AS Tarik-tarik China dalam Isu Pengendalian Nuklir
Rusia punya 6.375 bom nuklir, AS 5.800 bom nuklir, China 320 bom nuklir, Perancis 290 bom nuklir, dan Inggris 215 bom nuklir. India, Pakistan, Israel, dan Korea Utara juga dilaporkan memiliki bom nuklir.
Oleh
kris mada
·3 menit baca
WASHINGTON DC, SABTU — Amerika Serikat bersikeras mengikutsertakan China dalam pembicaraan tentang perjanjian nuklir utama. Namun, Beijing berkeras menolak. Sejumlah pengamat menilai, langkah itu sebagai tanda ketidakseriusan AS.
Washington dan Moskwa akan kembali bertemu untuk membahas perjanjian baru pengendalian senjata strategis atau dikenal dengan New START. Pertemuan itu akan digelar pada Senin (22/6/2020) di Vienna, Austria.
Dalam pertemuan itu, Utusan Khusus AS untuk Pengendalian Senjata, Marshall Billingslea, akan bertemu Wakil Menteri Luar Negeri Rusia Sergei Ryabkov. ”AS mengundang China untuk bergabung dalam diskusi ini dan menegaskan kebutuhan tiga negara dalam perundingan pengendalian senjata,” demikian pernyataan Kementerian Luar Negeri (Kemlu) AS, Jumat (19/6/2020) sore, waktu Washington atau Sabtu dini hari WIB.

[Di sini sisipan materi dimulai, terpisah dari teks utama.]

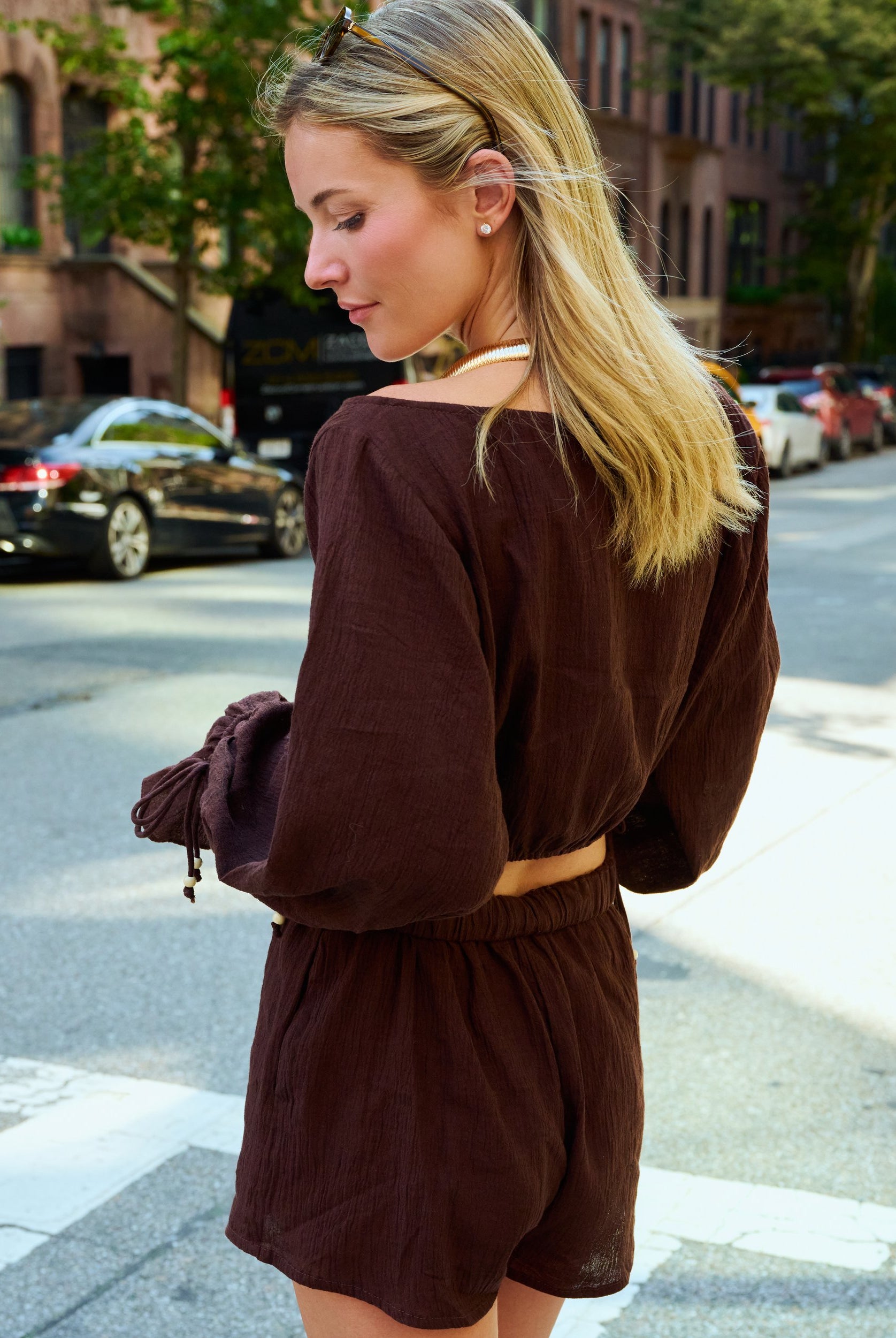 Puka Colette Set Espresso β Natalie Simkins, side view showing balloon sleeve volume and matching shorts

Keinginan Washington melibatkan Beijing mengherankan Moskwa dan pengamat di AS. ”Kesimpulan tunggal saya adalah Marshall Billingslea dan pemerintahan Trump tidak berniat memperpanjang START dan mencoba menunjukkan ketidaktertarikan China dalam perundingan pengendalian senjata sebagai alasan untuk membiarkan (masa berlaku) START habis,” kata Daryl Kimball yang menjadi Direktur Eksekutif Arms Control Association, lembaga riset di Washington.
Seorang analis pertahanan China, Song Zhongpin, mengatakan, pembicaraan tentang perlucutan senjata nuklir yang diusulkan AS hanyalah sebuah jebakan. ”China tidak akan pernah berpartisipasi dalam negosiasi perlucutan senjata nuklir antara AS dan Rusia,” kata Song.
START pertama kali disepakati pada 1991 di era Presiden AS George Bush dan Presiden Uni Soviet Mikhail Gorbachev. Presiden AS Barack Obama dan Presiden Rusia Dmitry Medvedev memperpanjang masa berlaku perjanjian itu hingga Februari 2021. Berdasarkan perjanjian itu, AS-Rusia bisa menyiagakan paling banyak 1.550 bom nuklir. Jumlah rudal untuk pembawa bom nuklir juga harus dipangkas.
Dalam sejumlah penelitian, Rusia ditaksir punya 6.375 hulu ledak nuklir, AS memiliki 5.800 hulu ledak nuklir, China punya 320 hulu ledak nuklir, Perancis menyimpan 290 hulu ledak nuklir, dan Inggris diperkirakan memiliki 215 hulu ledak nuklir. India, Pakistan, Israel, dan Korea Utara juga dilaporkan juga memiliki bom nuklir dengan jumlah yang tidak diungkap secara pasti. Perancis, Inggris, dan Israel merupakan sekutu AS.
Menjelang akhir masa berlaku START, Moskwa-Washington kembali berunding untuk membahas perjanjian baru. Mei lalu, Billingslea mengatakan bahwa kekhawatiran AS bukan hanya China. Washington juga khawatir dengan Moskwa yang dituding memutakhirkan ribuan senjata nuklir yang tidak diatur dalam perjanjian pengurangan senjata nuklir (START). Ia mendesak, START baru harus memastikan semua senjata Rusia terawasi.
Dalam jumpa pers yang digelar pada Rabu (17/6/2020) lalu—sebagaimana diunggah dalam laman resmi Kemlu China—juru bicara Kemlu China, Zhao Lijian, mengatakan, China tidak memiliki niat untuk ambil bagian dalam negosiasi kontrol senjata dengan AS dan Rusia.
”Kami mencatat, AS terus menyeret China ke dalam isu New START antara AS dan Rusia. Itu hanya trik lama yang sama yang dimainkannya setiap kali berusaha mengalihkan tanggung jawab kepada orang lain,” kata Lijian saat menjawab pertanyaan yang dilontarkan kantor berita AFP terkait pembicaraan itu.
Sebagai catatan, terkait isu nuklir, selama pemerintahan Trump, AS telah secara sepihak mundur dari kesepakatan nuklir Iran (JCPOA) pada 2018. AS juga mundur dari Perjanjian Senjata Nuklir Jarak Menengah (INF) pada 2019.
Setelah keluar dari INF, Menteri Pertahanan AS Mark Esper mengumumkan Washington akan menempatkan rudal darat di Asia. Setelah itu, Kementerian Pertahanan AS menguji coba rudal Tomahawk dan rudal jenis lain yang diluncurkan dari darat. Tomahawk adalah rudal jelajah yang mampu melesat sejauh lebih dari 500 kilometer.